▸ TASK
Here, set down only the lines between the line that contains "画像1: WAKO'S【ワコーズ】 F-1" and the final line of the material, both included, exactly as written. Skip the pictures.

◇ ◇ ◇ ◇

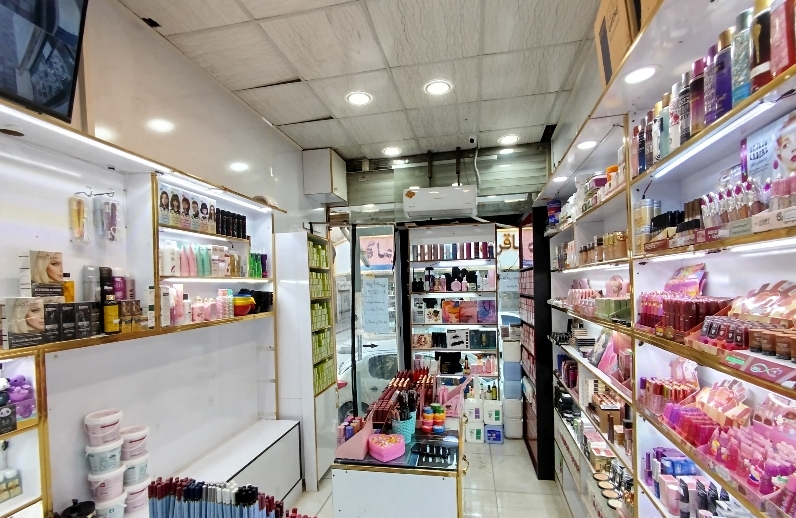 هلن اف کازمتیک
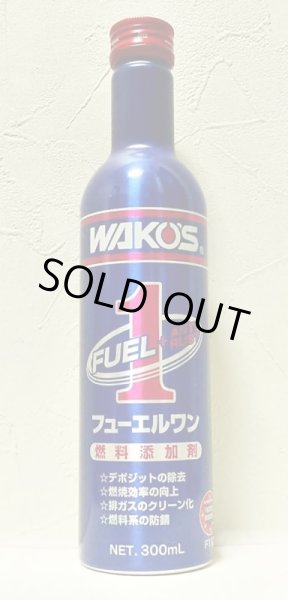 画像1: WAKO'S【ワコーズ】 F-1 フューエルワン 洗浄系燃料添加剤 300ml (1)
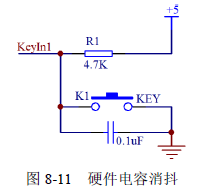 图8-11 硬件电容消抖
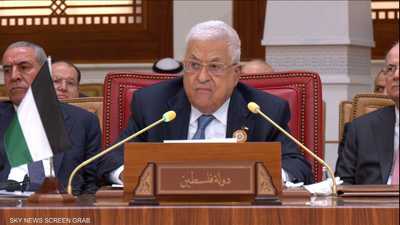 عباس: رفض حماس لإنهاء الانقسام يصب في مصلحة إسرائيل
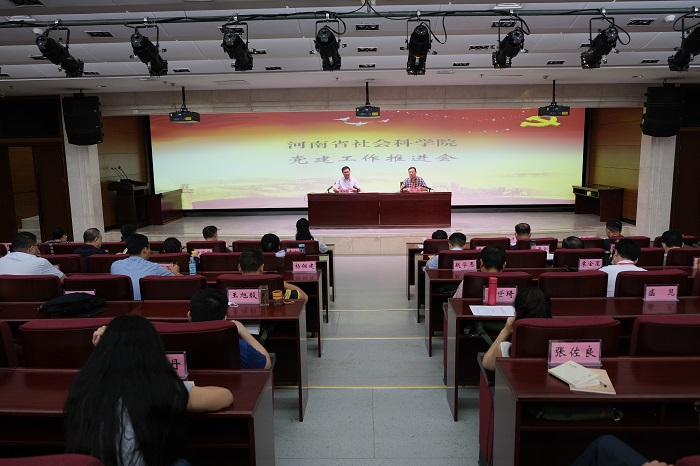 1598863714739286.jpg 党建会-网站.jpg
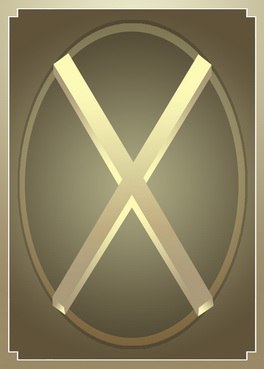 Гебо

◇ ◇ ◇ ◇

▸ TASK SOLUTION
 画像1: WAKO'S【ワコーズ】 F-1 フューエルワン 洗浄系燃料添加剤 300ml (1)
 图8-11 硬件电容消抖
 عباس: رفض حماس لإنهاء الانقسام يصب في مصلحة إسرائيل
 1598863714739286.jpg 党建会-网站.jpg
 Гебо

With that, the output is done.